Why do authors hide behind a pseudonym when it comes to writing the steamy stuff?

I brought three books with me when I moved to Paris on a £14 Megabus: one of them was The Story of O. I’d squirrel away in the predictably unheated top-floor bedroom-cum-kitchen-cum-occasional bathroom (I would say “garret”, but it’ll make me sound even more of a nob) and read it, while I waited for Ab Fab to stream. Published in France in 1954 by the appropriately monikered Jean-Jacques Pauvert, it’s a dirty great romp of chains, castles, masks and leather, and its author was a 47-year-old editorial secretary, whose boyfriend had mouthed off that no woman was capable of writing an erotic novel.
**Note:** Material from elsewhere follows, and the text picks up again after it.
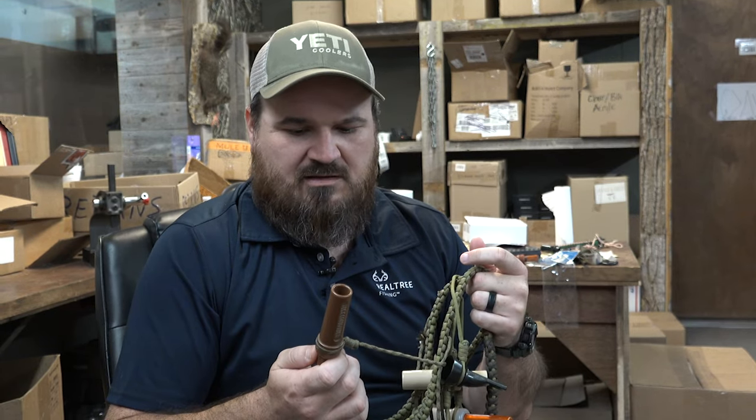Just want to go through some few things with a teal call. Not everybody knows how to blow it, so we're going to talk about it. It's a lot like your mallard call, just the cadence is a little bit choppier, shorter, not near as loud if you want to match real teal.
Anne Desclos, noted variously as ‘prudish’ and ‘nun-like’, wrote under a pen-name at Gallimard Publishers but invented a new one – Pauline Réage – for O, which became an immediate success, was banned in court, and whose author only revealed herself 40 years post-publication. I believe the phrase is “slam dunk”.

So what’s in a name, and why have so many writers – particularly of erotica – chosen to adopt one? The problem, as is so often the case for novelists, lies in the criticism. In the past 20 years, prize-winning authors have been systematically discouraged from writing truly great sex. Too often it is brushed aside – possibly unconsciously – as a ‘low brow’ insertion into an otherwise literary work. There’s the dreaded ‘after…’ as protagonists gently tiptoe away from the bedroom and resume the narrative. The Bad Sex Awards, though hilarious, is certainly a contributing factor. Now, in the midst of a generally well-received work of fiction, sex scenes – when they do exist – have a beam thrust sharply upon them. Is this credible? Is it sexy? Have they used the words ‘heaving’, ‘squelch’ or ‘orgasmic’? Less sex is written for fear of ridicule, and therefore less sex is written well. But – as any fule know – sex is about the hardest thing to get right. Bloody conundrum, I tell you.

In terms of reception, then. The last thing anyone wants, when meekly presenting their work to the world, is hordes of friends crowing that it’s offered a glimpse into the authors’ own bedroom. We’re told to write about what we know. But if what we’ve written happens to use not the feather but the whole chicken, it becomes much more difficult to present.

And people love intrigue, whilst loathing anonymity. Who, we cried, is Belle du Jour? Who, they cried, are Currer, Ellis and Acton Bell? We’re so keen to celebritise those who impress or shock us that we often forget there may be a very good reason for a writer’s anonymity. In Japan there’s a nifty little concept called a gō – a pseudonym used by artists, which can change many times in a life. It isn’t questioned and it isn’t prodded – in many ways, assuming a separate identity for the purposes of creating separate identities seems natural. In the 19th century, it would have been nigh-on impossible for Mary Ann Evans to be taken seriously, but George Eliot was a storm. And what did she need to cover up, after all, in a novel subtitled A Story of Provincial Life? There’s not a lazy metaphor for shagging or a butt-plug in sight. It was gender then and it’s too often gender now that necessitates the drive to call a person or thing by a name that isn’t theirs.

Genre can play a large part in the decision to adopt a different name. When PD James broke into crime writing it was assumed her intricate, tightly woven thrillers would find more fellowship with the enigmatic PD than with Phyllis Dorothy. JK Rowling’s Robert Galbraith is another recent example. In erotica, noms de plume tend to run along the ‘name-of-first-pet, mother’s maiden name’ route, or something delicately feminine, complete with a pink-and-black striped front cover (for the laydees). There are few books marketed for men, by men, in the erotic sphere, which leads to the amusing conclusion that a handful of the ‘Trixy Monroe’s on Amazon might be dudes, bashing the keyboard and giggling.

Charlotte Brontë, writing in 1850, noted the “vague impression that authoresses are liable to be looked on with prejudice” – now we have the prejudice of Bad Sex writing, gender-specific genres, and fewer writers than ever starting out as equals on the page. It may be easier to say what we mean under a hidden identity, but it’s pigeon-holing the erotic market to its detriment. A call to writers of sexy fiction – pick up your pens and drop your scruples. I can guarantee you we’ve seen far, far worse.